We will be using stack as buffer for response headers instead of making multiple write calls on socket.

save stack top to temporary register

mov rbp, rsp

push_string uses rcx to keep count of free bytes in current stack top, -1 means no free bytes left and we need to make room for new value.

mov rcx, -1

first we push end of headers (\r\n\r\n)

mov rsi, crnl
call push_string
mov rsi, crnl
call push_string

push Content-Length header

mov rax, [file_size]
call push_int
mov rsi, content_length_header
call push_string

push Content-type header

mov rsi, [mime_type]
call push_string
mov rsi, content_type_header
call push_string

push server name (Server header)

mov rsi, server_header
call push_string

Push 200 OK response header

mov rsi, result_ok
call push_string

calculate start headers adress on stack

mov rbx, rcx
add rbx, rsp
inc rbx

restore stack state

mov rsp, rbp

calculate length of headers

sub     rbp, rbx

write(2) headers

mov     rax, sys_write
mov     rdi, [client_fd]
mov     rsi, rbx
mov     rdx, rbp
syscall

ret

Write error response

write response headers and body to client fd expects rax to point to end of error response code string

write_error_response:
mov r11, rax

read request from socket

call read_full_request

look write_headers method for comments on using push_string.

write end of request

mov rbp, rsp
mov rcx, -1
mov rsi, crnl
call push_string

write request body

mov rsi, r11
call push_string

write body | headers separator

mov rsi, crnl
call push_string

write request header

mov rsi, r11
call push_string

calculate start headers adress on stack

mov rbx, rcx
add rbx, rsp
inc rbx

restore stack state

mov rsp, rbp

write(2) request from stack to client socket

mov     rax, sys_write
mov     rdi, [client_fd]
mov     rsi, rbx
sub     rbp, rbx
dec rbp
mov     rdx, rbp
syscall ;; ignore errors

ret

push string

rsi should point to end of string, string should begin with 0x00 byte rcx is used to store byte shift from stack top (0-7), if rcx is -1 it means that additional stack space is required. Funciton will grow stack.
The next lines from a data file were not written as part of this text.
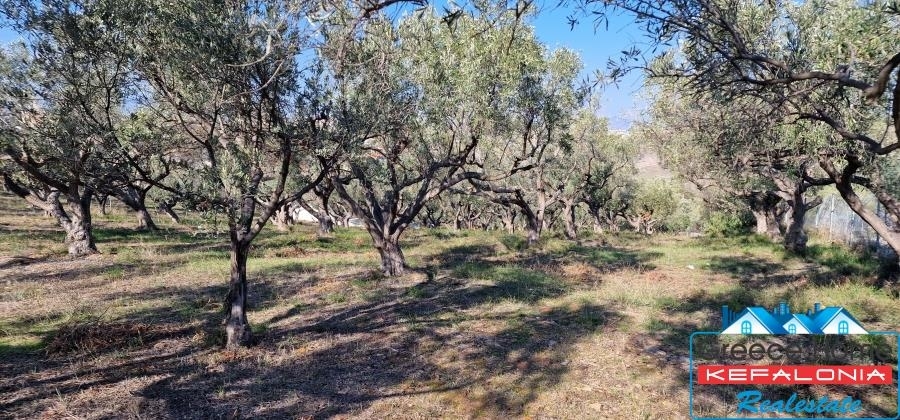 (Προς Πώληση) Αξιοποιήσιμη Γη Αγροτεμάχιο || Ν. Κεφαλονιάς/Ελειός - Πρόννοι - 4.251 τ.μ, 120.000€ 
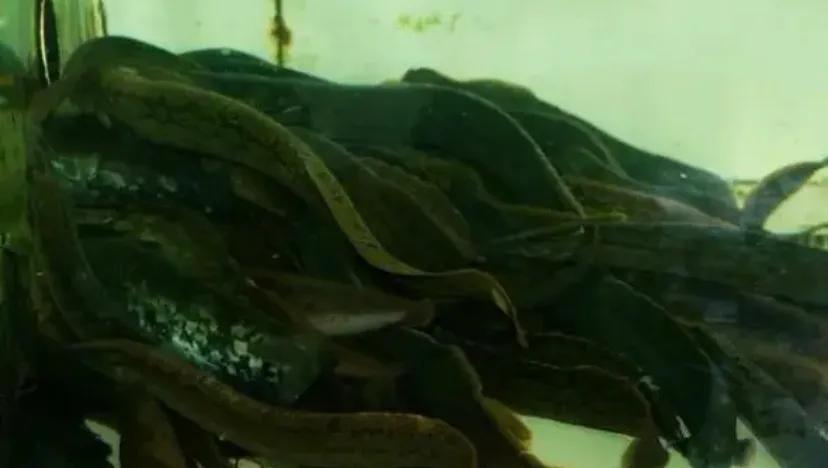 河鲜十大必吃美食,100种极品河鲜美食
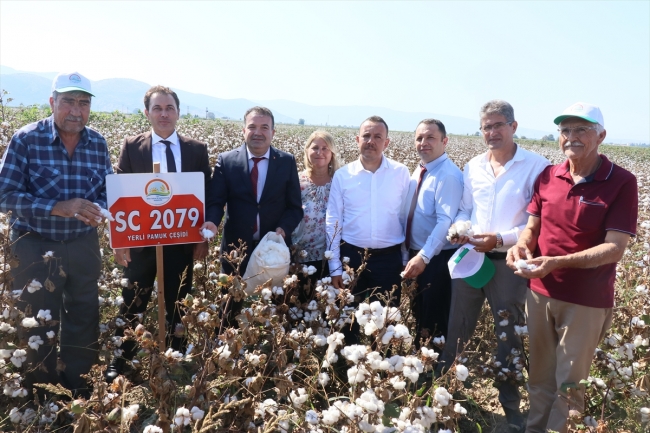 Yerli pamuk türü geliştirildi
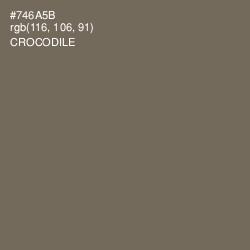 #746A5B - Crocodile Color Image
If push string is called multiple times it will form continious string on the stack. For Example, two calls with rcx -1 0x00, "llo" and 0x00, "he" will push "hello" to the stack and set rcx to 2

push_string:

remove return address from the stack and store it to rdx register

pop   rdx

we use 0x00 to mark begining of passed string.

mov al, 0x00

.push_string_next:

if we have no free bytes on stack add 8 bytes and change rcx accordingly

cmp rcx, -1
jne .push_string_write
push 0
mov rcx, 7

.push_string_write:

move string to stack starting from string end until 0x00

dec rsi
mov rbx, [rsi]
cmp al, bl
je .push_string_ret
mov byte [rsp + rcx], bl
dec rcx
jmp   .push_string_next

.push_string_ret:

restore stack

push  rdx
ret

Push int

converts rax to string and calls push_string on it

push_int:

remove return address from the stack and store it to rdi register.

pop rdi

we convert integer value to sequence of characters with base 10 and push each character with push_string procedure.

mov r8, rax
.push_int_next:
mov rax, r8
xor  rdx, rdx
mov r11, 10
div r11
mov r8, rax
add dl, 48
mov rsi, rsp
sub rsi, 8
mov byte [rsi - 1], dl
mov byte [rsi - 2], 0x00
call push_string
cmp r8, 0
je .push_int_ret
jmp .push_int_next
.push_int_ret:

restore stack

push rdi
ret

Read rest of request

Spec requires us to read full request with headers before we can send response.

read_full_request:

We kept amout of read from socket in buffer_read variable.

mov rax, [buffer_read]

We check that last bytes recieved from client were \r\n\r\n

.check_buffer:
cmp byte [buffer + rax - 1], 10
jne .read_more_from_client_socket
cmp byte [buffer + rax - 2], 13
jne .read_more_from_client_socket
cmp byte [buffer + rax - 3], 10
jne .read_more_from_client_socket
cmp byte [buffer + rax - 4], 13
jne .read_more_from_client_socket
ret

if not we recv(2) more data from socket and check buffer again in a loop.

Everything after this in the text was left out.